MALÉ, MALDIVES - Maldives Monetary Authority (MMA) has released startling figures showing a sharp decline in the state's foreign exchange reserves. According to the recent report, the total reserves stood at USD 594 million at the end of July 2023, with only $125 million being usable. This marks a significant reduction from the previous month when usable reserves were at $168 million, indicating a fall of $43 million within a single month.
This decrease in reserves has also marked July as the lowest point since the start of the year. Both total reserves and usable reserves reached a concerning nadir, reflecting a worrying trend. Even when compared to the same period last year, the reserves were never this low. At the end of July 2022, the total reserves were a healthier $728 million, with $282 million available for use.
Despite the alarming drop, the government has issued a statement reassuring the nation that the country's economic situation remains stable.
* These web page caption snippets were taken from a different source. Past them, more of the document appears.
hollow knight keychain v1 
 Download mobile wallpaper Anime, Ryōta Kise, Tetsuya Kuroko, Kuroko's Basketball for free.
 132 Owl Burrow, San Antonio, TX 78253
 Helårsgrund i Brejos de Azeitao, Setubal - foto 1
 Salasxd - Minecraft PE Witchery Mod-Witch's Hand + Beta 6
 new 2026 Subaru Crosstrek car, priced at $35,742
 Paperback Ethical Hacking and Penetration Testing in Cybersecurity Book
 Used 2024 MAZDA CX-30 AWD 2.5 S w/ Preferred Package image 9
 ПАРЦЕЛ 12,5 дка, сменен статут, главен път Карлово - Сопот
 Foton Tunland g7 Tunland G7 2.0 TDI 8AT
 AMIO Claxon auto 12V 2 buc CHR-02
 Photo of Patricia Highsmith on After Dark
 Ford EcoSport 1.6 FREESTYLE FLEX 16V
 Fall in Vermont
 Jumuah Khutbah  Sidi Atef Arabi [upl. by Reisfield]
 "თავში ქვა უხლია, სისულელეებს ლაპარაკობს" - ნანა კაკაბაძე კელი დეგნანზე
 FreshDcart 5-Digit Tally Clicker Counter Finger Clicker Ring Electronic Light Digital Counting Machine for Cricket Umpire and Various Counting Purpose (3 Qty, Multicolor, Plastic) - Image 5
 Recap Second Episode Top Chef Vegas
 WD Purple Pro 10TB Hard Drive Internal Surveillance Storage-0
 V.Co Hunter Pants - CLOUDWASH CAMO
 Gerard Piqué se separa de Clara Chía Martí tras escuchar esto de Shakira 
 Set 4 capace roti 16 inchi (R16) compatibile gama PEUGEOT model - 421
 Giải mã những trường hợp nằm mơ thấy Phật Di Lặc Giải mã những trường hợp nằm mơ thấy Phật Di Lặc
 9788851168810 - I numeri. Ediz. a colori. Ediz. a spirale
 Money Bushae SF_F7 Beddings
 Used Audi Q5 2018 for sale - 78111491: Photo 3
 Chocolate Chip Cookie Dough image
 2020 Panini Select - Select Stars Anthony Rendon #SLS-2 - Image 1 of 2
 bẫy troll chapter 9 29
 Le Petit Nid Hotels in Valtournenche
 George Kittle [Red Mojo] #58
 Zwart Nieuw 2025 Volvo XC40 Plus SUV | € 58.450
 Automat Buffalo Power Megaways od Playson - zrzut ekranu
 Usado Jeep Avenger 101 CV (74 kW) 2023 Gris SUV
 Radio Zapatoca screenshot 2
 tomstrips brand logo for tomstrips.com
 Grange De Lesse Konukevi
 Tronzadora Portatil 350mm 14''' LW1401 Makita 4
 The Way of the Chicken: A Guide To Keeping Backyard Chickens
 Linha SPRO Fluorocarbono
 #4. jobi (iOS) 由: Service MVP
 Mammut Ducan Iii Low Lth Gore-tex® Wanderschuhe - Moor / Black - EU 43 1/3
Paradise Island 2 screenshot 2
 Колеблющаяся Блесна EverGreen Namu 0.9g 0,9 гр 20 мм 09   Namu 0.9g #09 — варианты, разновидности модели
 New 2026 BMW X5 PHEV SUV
It has, however, been spending heavily on various issues and has revealed that the funds for these activities will be arranged by printing money.
The uncontrolled printing of money is cited as one of the main reasons for the decline in reserves. The government's reliance on the dollar in MMA's reserves to maintain the value of the domestic currency has led to this sharp decrease.
Economists have raised concerns over the shrinking reserves, emphasizing the need for careful monitoring and fiscal responsibility. While the government's assurance of economic stability has provided some comfort, the dramatic decline in usable foreign exchange reserves may lead to future challenges in maintaining the country's economic equilibrium.
The Maldives' dependence on imported goods and the impact of fluctuating global economic conditions highlight the significance of maintaining robust foreign reserves. As the country continues to navigate these financial uncertainties, transparent governance and sound fiscal policy will be critical in ensuring long-term stability and growth.
Critics of the government's approach have called for an immediate review of spending and financial management practices. In contrast, supporters argue that the heavy investments in various sectors are necessary to drive the nation's development. What remains clear is that the handling of foreign exchange reserves will continue to be a topic of national importance and debate in the months to come.